Each line holding the string "together" is to be copied from the data.

─── SOURCE MATERIAL ───

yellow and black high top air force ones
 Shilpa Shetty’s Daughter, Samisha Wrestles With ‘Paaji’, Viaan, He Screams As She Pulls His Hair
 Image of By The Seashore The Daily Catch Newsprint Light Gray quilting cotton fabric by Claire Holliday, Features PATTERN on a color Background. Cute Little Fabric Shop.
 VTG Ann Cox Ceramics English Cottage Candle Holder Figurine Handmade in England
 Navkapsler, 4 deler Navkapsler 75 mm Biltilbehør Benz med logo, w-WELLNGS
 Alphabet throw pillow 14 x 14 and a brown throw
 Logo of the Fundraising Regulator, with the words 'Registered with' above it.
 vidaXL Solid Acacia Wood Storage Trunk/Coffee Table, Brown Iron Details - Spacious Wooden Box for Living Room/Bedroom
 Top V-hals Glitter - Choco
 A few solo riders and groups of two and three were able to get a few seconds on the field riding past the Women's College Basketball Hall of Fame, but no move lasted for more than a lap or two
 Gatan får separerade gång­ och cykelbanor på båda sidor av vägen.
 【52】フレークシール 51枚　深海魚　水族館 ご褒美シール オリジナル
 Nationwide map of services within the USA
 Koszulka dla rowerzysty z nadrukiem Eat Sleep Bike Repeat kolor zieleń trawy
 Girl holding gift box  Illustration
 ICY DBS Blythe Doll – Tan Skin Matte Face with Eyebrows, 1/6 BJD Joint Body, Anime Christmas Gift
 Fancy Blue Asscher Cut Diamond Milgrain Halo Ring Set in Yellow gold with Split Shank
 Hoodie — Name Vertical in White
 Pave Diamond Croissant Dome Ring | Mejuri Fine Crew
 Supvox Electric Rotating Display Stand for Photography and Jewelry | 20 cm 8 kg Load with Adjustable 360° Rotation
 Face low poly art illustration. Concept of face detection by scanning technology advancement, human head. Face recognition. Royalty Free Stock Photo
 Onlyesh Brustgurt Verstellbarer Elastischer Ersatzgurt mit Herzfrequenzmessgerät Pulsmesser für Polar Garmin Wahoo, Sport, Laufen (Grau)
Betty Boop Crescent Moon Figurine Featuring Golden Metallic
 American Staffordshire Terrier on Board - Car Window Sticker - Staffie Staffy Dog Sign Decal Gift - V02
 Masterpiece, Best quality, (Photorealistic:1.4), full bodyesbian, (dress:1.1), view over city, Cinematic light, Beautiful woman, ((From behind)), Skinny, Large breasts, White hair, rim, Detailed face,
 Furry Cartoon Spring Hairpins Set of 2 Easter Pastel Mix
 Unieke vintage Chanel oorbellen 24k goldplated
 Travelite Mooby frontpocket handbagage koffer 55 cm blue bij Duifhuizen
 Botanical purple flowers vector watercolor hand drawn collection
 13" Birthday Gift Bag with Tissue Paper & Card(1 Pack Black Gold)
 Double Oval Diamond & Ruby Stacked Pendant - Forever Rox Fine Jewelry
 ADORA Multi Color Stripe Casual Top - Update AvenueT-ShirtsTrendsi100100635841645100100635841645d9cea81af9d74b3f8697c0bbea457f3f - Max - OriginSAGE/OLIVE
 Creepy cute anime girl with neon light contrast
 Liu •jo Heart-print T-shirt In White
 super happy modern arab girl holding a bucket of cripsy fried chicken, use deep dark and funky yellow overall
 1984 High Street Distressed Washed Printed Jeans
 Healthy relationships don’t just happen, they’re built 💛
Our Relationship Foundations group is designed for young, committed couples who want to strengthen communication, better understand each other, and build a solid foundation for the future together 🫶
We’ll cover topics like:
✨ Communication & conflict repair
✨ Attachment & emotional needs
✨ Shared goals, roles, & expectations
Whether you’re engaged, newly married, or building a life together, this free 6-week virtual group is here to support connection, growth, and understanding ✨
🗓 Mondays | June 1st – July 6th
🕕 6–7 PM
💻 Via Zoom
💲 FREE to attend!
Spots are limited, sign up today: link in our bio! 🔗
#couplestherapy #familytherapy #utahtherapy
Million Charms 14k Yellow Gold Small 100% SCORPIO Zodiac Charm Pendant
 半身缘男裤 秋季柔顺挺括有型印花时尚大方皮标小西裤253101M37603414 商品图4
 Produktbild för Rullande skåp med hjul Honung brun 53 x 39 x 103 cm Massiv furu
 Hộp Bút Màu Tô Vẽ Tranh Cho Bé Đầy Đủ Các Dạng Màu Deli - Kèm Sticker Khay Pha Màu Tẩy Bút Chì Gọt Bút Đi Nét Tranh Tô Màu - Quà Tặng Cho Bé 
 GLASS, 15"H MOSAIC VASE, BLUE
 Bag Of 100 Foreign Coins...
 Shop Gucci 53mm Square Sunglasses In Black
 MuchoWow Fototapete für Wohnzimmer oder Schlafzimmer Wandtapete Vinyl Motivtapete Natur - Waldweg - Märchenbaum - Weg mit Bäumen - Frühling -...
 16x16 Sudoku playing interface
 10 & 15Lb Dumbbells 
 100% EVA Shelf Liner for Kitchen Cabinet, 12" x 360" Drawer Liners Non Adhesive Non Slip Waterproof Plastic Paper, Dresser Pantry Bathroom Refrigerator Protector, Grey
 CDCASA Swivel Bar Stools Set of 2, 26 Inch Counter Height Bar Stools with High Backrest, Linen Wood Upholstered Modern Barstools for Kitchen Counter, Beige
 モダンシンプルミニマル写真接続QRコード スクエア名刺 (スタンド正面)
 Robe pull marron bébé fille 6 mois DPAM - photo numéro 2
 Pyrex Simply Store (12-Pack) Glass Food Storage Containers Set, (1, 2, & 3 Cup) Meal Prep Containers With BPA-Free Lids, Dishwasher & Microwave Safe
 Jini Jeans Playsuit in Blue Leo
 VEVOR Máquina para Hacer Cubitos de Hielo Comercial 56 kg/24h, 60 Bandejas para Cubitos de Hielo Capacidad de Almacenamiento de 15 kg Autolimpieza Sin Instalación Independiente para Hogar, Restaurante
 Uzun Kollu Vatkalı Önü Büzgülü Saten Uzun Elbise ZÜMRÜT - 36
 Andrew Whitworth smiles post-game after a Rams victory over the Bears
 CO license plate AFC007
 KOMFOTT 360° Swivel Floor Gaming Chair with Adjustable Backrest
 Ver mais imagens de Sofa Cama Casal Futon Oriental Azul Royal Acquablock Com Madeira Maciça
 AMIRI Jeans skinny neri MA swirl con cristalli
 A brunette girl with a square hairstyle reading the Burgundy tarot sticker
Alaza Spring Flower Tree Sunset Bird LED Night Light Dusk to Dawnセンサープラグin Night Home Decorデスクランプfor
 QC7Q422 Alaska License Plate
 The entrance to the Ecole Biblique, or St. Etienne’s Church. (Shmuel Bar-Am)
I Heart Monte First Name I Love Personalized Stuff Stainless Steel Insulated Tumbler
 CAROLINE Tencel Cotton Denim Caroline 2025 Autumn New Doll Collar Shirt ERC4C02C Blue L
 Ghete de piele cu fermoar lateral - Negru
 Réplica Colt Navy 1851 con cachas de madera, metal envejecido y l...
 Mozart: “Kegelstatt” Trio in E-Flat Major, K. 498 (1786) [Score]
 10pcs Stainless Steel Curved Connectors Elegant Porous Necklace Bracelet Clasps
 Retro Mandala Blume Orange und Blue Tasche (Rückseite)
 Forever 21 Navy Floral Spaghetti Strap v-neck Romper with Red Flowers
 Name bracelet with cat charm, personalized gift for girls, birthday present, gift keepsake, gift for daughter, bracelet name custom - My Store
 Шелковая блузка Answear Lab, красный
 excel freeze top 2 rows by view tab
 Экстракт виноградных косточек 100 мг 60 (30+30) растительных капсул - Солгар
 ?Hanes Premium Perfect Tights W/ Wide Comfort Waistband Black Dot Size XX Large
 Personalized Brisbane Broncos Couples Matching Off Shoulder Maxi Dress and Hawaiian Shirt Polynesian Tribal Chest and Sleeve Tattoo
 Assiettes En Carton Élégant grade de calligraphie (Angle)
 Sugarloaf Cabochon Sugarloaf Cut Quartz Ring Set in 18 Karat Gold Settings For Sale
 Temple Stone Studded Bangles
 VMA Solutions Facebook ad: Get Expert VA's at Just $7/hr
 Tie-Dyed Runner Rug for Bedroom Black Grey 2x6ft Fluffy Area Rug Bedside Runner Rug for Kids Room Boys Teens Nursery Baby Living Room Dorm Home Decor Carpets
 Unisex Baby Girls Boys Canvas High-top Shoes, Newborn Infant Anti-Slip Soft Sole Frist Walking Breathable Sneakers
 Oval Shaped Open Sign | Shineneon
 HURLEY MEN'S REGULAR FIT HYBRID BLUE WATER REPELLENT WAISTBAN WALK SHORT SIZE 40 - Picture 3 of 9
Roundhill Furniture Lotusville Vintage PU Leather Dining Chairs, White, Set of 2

───

■ SOLVED EXERCISE ■
Our Relationship Foundations group is designed for young, committed couples who want to strengthen communication, better understand each other, and build a solid foundation for the future together 🫶
Whether you’re engaged, newly married, or building a life together, this free 6-week virtual group is here to support connection, growth, and understanding ✨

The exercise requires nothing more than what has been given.